--- Information supplied ---
- Opening Delimiter -

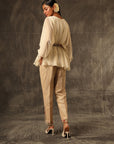 Voile Kaftan Draped Top With Jute Pants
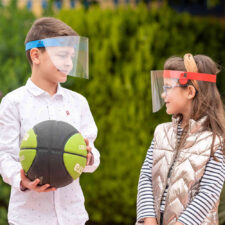 VISIERA PROTETTIVA IN R-PET E CARTONE PER BIMBI/RAGAZZI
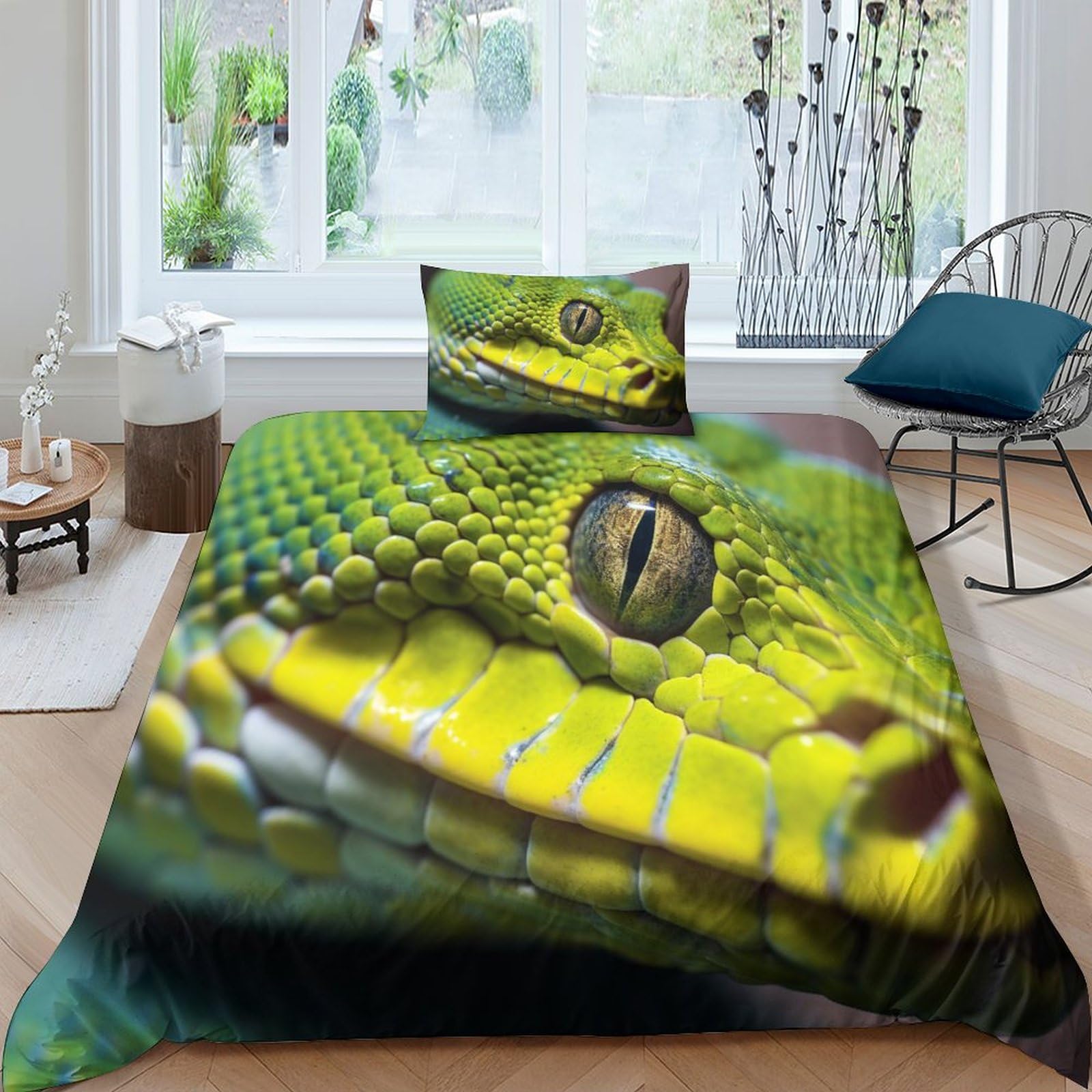 Housse de couette serpent 3D en microfibre 135x200 cm avec taies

- Closing Delimiter -

--- Exercise details ---
Could you reproduce all of the material exactly? Keep the pictures out of it.

--- Response ---
 Voile Kaftan Draped Top With Jute Pants
 VISIERA PROTETTIVA IN R-PET E CARTONE PER BIMBI/RAGAZZI
 Housse de couette serpent 3D en microfibre 135x200 cm avec taies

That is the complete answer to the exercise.